Barbiturates are not recommended because they compete with acetaldehyde metabolism. Ketamine is contraindicated (seizure-like effects have been reported). Valproic acid is not recommended (serum half-life in dogs is 1.5 hours to 2 hours). In cases of refractory seizures, administer propofol (3mg/kg to 6mg/kg IV initial bolus), followed by 0.1mg/kg/min to 0.6mg/kg/min constant rate infusion.

Alternatively, 2% to 2.5% concentrations of isoflurane alone with oxygen can be used. For maintenance, use 1.5% to 1.8% concentrations of isoflurane in oxygen. Attention to airway, breathing and circulation are paramount. Intubate affected animals and provide artificial respiration with O2 during convulsions.

Detoxification therapy

Emesis should be induced only if the patient is asymptomatic. Administer apomorphine 0.03mg/kg IV, 0.04mg/kg IM or 0.025mg tablet crushed and dissolved in physiological saline. Instil in the conjunctival sac and rinse with water after emesis has occurred. Alternatively, use xylazine (1.1 mg/kg SC or IM).

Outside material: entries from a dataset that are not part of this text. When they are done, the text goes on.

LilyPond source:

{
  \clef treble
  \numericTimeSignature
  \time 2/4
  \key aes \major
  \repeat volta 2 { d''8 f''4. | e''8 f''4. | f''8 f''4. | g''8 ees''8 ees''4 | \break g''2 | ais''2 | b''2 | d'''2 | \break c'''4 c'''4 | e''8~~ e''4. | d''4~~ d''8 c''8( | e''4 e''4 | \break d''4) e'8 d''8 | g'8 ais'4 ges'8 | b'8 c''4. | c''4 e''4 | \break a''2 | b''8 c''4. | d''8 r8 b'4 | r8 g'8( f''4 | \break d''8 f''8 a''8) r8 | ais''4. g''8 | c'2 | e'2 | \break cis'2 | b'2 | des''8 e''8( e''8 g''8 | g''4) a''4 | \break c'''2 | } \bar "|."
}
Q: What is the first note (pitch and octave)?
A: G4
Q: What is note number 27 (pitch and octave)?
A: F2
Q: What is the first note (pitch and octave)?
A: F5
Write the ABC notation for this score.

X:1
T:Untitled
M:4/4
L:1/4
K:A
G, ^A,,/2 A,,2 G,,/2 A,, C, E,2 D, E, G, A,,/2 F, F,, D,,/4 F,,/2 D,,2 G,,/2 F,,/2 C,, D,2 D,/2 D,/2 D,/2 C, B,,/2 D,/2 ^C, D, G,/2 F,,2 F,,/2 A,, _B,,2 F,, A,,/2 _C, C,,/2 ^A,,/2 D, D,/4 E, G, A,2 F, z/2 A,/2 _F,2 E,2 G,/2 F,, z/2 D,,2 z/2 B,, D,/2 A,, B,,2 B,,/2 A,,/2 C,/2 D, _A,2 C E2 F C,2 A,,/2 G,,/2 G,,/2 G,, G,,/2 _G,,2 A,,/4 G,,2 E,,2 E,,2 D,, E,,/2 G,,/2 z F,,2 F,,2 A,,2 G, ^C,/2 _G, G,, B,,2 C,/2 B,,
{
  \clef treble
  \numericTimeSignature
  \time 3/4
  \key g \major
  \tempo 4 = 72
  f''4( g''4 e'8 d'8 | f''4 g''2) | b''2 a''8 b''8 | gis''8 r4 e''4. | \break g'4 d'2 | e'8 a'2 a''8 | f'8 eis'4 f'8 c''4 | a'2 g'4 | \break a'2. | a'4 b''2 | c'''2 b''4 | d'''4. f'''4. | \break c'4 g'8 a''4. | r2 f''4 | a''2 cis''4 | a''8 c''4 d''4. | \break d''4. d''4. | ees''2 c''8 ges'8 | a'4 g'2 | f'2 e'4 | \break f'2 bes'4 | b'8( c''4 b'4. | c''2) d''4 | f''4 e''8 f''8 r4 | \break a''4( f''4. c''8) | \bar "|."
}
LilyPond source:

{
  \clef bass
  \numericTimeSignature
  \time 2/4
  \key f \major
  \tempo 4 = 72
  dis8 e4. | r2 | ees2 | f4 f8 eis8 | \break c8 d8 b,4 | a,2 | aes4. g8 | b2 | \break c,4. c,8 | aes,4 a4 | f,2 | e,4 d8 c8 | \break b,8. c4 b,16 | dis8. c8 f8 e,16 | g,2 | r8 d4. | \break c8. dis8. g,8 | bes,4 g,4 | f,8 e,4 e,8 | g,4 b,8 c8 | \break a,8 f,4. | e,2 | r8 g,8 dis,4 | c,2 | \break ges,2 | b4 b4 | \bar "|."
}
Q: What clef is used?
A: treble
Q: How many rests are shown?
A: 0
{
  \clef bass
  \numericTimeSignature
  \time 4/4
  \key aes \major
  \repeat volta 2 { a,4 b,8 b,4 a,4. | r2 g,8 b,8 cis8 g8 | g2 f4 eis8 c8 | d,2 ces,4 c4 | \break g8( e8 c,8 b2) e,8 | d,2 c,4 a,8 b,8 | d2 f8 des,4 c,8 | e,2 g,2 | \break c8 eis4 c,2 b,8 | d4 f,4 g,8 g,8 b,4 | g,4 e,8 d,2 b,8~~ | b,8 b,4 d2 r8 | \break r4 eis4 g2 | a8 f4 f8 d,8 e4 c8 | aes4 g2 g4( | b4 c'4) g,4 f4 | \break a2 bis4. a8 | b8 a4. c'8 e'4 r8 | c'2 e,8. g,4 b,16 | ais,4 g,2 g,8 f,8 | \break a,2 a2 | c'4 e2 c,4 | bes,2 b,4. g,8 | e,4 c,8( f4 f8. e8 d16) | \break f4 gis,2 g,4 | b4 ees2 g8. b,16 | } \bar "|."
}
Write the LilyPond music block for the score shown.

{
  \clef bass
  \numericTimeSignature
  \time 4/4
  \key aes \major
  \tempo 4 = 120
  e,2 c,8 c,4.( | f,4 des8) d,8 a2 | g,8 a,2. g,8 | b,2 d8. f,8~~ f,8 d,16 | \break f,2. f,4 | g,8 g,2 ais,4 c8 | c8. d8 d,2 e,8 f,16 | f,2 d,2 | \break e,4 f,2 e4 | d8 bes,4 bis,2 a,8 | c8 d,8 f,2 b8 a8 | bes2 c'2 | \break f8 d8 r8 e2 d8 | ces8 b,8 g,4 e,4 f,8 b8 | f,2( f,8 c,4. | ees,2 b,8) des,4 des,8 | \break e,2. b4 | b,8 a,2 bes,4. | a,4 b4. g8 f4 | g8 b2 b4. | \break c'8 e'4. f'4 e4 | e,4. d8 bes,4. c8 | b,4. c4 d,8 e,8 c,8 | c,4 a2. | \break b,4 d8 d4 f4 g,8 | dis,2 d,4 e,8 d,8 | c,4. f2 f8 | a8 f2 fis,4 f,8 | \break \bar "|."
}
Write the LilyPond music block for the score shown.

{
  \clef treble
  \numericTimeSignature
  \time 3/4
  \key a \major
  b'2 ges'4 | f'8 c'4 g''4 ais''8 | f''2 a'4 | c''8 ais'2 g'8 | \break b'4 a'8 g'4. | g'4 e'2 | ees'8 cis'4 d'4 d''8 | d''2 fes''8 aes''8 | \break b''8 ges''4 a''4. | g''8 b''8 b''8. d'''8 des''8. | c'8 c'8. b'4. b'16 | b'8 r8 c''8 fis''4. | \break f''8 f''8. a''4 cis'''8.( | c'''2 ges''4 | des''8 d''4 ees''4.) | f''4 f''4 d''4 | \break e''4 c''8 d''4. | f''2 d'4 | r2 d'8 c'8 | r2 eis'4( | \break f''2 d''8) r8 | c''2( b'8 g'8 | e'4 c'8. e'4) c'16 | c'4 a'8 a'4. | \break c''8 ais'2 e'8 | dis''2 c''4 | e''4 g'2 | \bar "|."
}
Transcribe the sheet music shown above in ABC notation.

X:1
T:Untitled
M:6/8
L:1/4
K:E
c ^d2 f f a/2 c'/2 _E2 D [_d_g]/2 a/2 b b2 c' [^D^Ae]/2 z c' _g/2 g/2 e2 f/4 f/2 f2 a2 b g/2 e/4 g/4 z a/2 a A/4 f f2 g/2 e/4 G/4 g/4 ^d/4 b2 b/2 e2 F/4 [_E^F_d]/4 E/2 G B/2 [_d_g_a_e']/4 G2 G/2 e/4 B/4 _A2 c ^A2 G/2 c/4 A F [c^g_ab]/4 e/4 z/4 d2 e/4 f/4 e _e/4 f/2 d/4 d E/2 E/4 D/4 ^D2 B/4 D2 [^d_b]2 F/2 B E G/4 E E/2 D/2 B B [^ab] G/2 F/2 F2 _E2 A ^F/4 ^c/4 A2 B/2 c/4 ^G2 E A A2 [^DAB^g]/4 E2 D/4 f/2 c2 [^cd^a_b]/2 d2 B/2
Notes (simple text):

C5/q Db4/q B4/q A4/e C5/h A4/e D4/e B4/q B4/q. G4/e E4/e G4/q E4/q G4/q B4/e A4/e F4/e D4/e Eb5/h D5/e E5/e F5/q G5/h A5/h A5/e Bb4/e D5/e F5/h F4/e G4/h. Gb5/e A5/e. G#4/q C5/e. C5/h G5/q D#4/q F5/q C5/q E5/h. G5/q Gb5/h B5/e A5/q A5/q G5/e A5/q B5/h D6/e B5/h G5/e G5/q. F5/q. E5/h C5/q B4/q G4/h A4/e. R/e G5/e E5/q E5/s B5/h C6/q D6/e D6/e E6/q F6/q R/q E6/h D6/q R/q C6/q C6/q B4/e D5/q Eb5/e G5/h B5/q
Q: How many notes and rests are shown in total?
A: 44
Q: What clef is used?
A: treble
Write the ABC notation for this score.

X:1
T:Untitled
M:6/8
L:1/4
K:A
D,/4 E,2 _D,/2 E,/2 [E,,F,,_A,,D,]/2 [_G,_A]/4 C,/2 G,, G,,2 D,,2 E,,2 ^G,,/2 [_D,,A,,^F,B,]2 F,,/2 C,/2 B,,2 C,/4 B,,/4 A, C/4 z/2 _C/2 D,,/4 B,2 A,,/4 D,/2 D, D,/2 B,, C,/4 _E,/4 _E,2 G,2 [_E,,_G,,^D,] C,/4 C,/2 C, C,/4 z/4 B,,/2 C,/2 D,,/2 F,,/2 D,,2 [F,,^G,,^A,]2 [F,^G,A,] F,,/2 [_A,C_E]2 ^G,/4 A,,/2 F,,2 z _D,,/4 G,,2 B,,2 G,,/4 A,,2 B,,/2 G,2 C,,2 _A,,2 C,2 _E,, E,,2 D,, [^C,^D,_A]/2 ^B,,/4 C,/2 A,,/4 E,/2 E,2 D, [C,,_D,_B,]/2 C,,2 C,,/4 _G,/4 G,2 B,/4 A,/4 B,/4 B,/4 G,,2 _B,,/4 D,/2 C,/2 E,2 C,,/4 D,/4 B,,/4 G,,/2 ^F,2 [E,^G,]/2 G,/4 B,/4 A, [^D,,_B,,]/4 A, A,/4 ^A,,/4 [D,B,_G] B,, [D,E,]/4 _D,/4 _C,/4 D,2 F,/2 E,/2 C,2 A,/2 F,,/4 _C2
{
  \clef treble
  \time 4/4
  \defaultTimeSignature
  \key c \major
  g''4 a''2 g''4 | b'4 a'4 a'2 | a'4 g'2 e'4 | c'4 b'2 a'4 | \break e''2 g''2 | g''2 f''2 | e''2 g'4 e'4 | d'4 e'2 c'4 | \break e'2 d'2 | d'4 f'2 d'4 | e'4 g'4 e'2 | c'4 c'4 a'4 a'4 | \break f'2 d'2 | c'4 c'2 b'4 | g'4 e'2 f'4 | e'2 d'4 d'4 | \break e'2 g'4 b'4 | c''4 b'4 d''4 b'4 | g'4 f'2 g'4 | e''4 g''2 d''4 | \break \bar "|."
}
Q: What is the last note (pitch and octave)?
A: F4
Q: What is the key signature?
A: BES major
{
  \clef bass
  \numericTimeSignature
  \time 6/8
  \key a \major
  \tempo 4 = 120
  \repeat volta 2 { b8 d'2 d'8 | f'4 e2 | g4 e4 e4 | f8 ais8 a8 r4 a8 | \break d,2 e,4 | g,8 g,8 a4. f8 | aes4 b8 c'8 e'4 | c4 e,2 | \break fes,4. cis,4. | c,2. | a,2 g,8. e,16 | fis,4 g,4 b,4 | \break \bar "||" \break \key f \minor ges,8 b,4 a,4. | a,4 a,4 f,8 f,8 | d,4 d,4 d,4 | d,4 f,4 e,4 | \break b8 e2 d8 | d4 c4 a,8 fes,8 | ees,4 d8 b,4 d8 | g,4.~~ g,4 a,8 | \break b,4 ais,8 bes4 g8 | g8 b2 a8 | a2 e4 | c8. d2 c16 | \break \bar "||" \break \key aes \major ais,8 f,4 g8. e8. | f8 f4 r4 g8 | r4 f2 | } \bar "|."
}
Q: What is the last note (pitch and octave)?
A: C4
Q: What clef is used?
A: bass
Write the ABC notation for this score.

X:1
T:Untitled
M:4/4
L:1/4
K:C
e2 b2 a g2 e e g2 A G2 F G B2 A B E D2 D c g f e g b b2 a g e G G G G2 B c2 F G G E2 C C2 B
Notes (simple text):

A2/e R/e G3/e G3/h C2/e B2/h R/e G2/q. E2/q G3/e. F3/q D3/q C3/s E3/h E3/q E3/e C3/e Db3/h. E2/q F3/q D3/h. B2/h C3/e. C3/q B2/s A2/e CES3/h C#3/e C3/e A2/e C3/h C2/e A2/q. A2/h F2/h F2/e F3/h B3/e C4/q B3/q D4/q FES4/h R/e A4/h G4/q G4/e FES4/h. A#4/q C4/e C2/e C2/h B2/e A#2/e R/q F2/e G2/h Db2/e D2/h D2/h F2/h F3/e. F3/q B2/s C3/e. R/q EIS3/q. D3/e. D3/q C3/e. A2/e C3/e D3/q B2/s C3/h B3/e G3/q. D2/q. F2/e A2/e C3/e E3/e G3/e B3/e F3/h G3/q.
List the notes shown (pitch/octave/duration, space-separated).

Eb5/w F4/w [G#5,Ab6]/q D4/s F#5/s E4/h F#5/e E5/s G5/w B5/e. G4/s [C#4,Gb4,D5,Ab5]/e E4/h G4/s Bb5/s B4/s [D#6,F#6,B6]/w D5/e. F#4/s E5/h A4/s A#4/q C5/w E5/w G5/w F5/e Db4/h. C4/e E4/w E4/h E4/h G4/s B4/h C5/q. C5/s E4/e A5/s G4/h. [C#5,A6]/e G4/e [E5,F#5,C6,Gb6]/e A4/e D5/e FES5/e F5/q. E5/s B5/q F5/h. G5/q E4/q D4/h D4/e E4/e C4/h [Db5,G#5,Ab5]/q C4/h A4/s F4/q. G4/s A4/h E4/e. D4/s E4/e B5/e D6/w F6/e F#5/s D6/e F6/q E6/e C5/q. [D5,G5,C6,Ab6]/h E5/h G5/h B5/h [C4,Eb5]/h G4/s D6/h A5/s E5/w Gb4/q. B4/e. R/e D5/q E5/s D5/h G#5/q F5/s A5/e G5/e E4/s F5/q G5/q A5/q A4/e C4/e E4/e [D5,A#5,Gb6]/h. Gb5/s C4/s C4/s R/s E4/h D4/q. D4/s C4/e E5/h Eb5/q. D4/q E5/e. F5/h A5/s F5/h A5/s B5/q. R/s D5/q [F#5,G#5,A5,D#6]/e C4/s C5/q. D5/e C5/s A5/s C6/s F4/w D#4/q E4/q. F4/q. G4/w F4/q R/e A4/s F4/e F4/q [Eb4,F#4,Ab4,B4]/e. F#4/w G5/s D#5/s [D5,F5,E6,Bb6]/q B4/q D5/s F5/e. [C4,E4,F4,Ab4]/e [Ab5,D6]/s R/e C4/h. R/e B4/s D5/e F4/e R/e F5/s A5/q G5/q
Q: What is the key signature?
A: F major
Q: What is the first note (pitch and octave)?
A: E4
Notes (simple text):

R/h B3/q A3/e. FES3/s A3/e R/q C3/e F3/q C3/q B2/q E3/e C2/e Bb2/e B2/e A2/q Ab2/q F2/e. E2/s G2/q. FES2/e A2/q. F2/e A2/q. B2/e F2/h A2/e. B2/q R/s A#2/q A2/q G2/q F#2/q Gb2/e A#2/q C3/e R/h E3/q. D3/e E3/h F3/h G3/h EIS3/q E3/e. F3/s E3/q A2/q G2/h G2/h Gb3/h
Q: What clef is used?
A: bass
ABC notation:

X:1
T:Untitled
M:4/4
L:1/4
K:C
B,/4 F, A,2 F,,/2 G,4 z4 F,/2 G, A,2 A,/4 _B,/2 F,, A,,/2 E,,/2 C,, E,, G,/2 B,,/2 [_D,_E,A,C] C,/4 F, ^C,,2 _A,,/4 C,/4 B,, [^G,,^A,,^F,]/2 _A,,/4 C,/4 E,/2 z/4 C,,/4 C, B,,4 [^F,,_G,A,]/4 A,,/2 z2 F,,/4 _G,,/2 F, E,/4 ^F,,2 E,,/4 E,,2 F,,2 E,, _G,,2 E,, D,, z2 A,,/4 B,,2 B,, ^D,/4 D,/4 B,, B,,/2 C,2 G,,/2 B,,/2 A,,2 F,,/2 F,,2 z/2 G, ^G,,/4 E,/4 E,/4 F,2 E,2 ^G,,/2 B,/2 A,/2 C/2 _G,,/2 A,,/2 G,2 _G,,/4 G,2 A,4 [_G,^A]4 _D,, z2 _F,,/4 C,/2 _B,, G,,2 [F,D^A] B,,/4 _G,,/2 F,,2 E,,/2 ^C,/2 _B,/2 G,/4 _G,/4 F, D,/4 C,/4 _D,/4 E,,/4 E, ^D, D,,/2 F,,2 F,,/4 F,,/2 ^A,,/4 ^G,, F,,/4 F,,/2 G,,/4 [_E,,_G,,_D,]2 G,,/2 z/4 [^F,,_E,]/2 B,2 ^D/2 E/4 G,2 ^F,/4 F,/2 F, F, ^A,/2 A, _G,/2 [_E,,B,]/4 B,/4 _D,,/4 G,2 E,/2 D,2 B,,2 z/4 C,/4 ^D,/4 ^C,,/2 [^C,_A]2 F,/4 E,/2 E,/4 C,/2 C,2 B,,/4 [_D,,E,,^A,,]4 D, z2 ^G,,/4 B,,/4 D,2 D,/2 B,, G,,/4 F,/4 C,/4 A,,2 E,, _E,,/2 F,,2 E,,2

To prevent further absorption of metaldehyde from the intestinal tract, use activated charcoal (AC; 1g/kg to 4g/kg) mixed with water to make a 20% slurry (1g/5ml water) via a nasogastric tube as soon as possible post-ingestion, and after the airway is secured. AC admitted orally is contraindicated in convulsing or comatose animals. Maintain the patient on IV-balanced crystalloid fluids, such as lactated Ringer’s solution 40ml/kg/hour to 90ml/kg/hour.

Correction of metabolic acidosis (normal values in dogs: pH less than 7.33; standardised base excess less than −4mmol/L) by sodium bicarbonate 8.4% solution: 1ml/Lb to 2.5ml/Lb bodyweight constant rate infusion depending on the severity of the acidosis, over a four-hour period.

Correction of hypoglycaemia (dextrose 5%: 40mg/kg IV every 24 hours; monitor blood glucose). Correction of hyperthermia by external cooling every two to four hours (ice baths should be avoided as they may create hypothermia). Should be stopped when rectal temperature reaches 39.4°C.

Monitoring of liver function is recommended (normal enzyme levels in dogs: serum alanine aminotransferase: 10U/L to 130U/L; alkaline phosphatase: 24U/L to 147U/L and gamma-glutamyl transferase: 0U/L to 25U/L). Diuretics are not recommended (urinary elimination of metaldehyde is less than 1% of the dose). IV lipid emulsion therapy is contraindicated because metaldehyde is not lipid soluble (log P values of 0.12).

The patient should be observed for a minimum of three days. Educate clients to keep pets away from metaldehyde bait products (they may remain effective for as long as 15 days). A bitter-tasting agent – denatonium benzoate – has been added to discourage pets from ingesting it.